Just when and where that will be is unclear. As Straus reiterates, protecting her artifacts must be the top priority. Of near equal importance: making sure her collection isn’t politicized in any way.
“The right place consists of high security and no political agenda,” she says of a future (and possible permanent) home for her collection. “Optimum would be a place where they can be seen by all segments of our society. Because this is an amazing asset in our state.
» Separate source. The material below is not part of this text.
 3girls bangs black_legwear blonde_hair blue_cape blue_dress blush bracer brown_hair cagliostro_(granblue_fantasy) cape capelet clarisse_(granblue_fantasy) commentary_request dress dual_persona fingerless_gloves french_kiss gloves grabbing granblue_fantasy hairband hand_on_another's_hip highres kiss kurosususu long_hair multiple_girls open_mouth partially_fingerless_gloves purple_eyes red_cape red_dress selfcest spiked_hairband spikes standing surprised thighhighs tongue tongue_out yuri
These are primary source materials that belonged to people who survived World War II. So I have a duty to keep them safe from damage or theft, and there are a finite number of places that would pass the security test.”
Count Brown among the many who hope Straus succeeds in her quest to find the ideal permanent location — be it at UNLV or elsewhere — so residents of and visitors to Las Vegas can better appreciate the gravity of the Holocaust.
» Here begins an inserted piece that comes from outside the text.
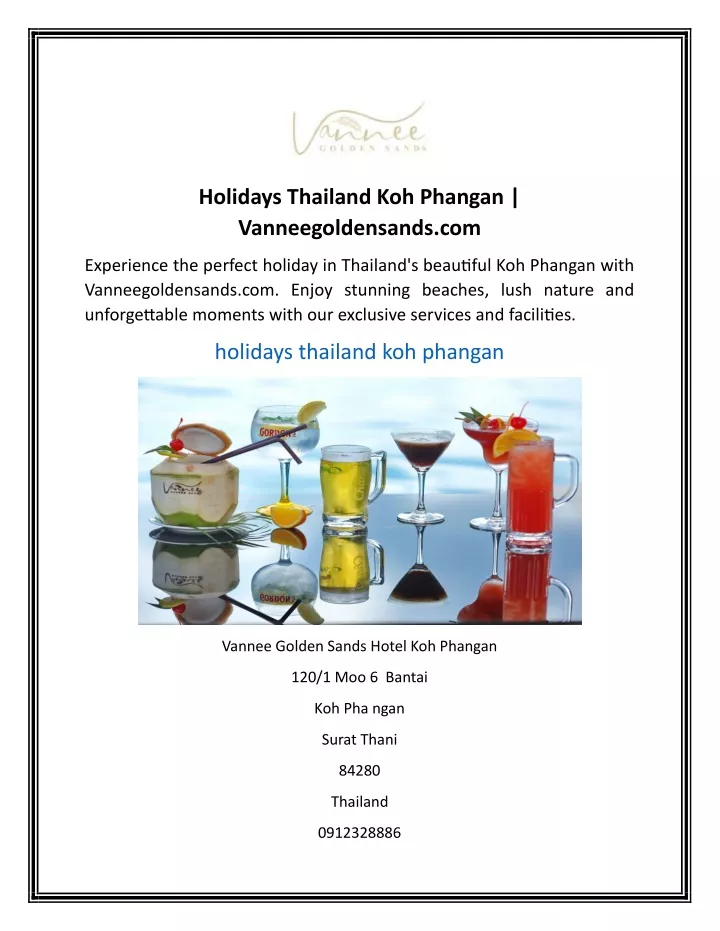 holidays thailand koh phangan vanneegoldensands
And also appreciate the thousands of non-Jews who during World War II courageously stood up for and safeguarded their fellow man — often at tremendous personal risk.
“It’s really important to understand not just the moral weight of genocide, but also understand resilience and overcoming and reconstruction, while also redefining what it means to be a survivor,” Brown says. “We now consider survivors not just people who were interned in concentration camps and didn’t die, but really anyone who was involved in resistance, involved in flight, involved in hiding in plain sight.”
At the campus level, Brown also is hopeful that UNLV’s involvement with “The Holocaust: Reconstructing Shattered Humanity” will serve as a positive step in the university’s quest to expand course offerings related to the Holocaust and genocide.
Toward that end, the university on Monday co-hosted an event with Hillel of Las Vegas, UNLV’s chapter of the national Jewish Student Union, to commemorate the 80th anniversary of the liberation of Auschwitz-Birkenau, the Nazis’ largest death camp.
The event, which took place on International Holocaust Remembrance Day, included a candle lighting, governor’s proclamation and remarks from two prominent former UNLV students — Las Vegas Mayor Shelley Berkley and Clark County Commissioner Michael Naft.
There also was a roundtable discussion about the importance of studying what remains a relatively new area of history curricula.
“Just because it’s International Holocaust Remembrance Day doesn’t mean it’s the only day on the calendar where we can do Holocaust education or commemoration,” Brown says. “I’m hoping this will lead to an engaged discussion on its significance and lead students to see this as a living, organic, dynamic topic of study and of thought, and not just as a kind of moral absolute.”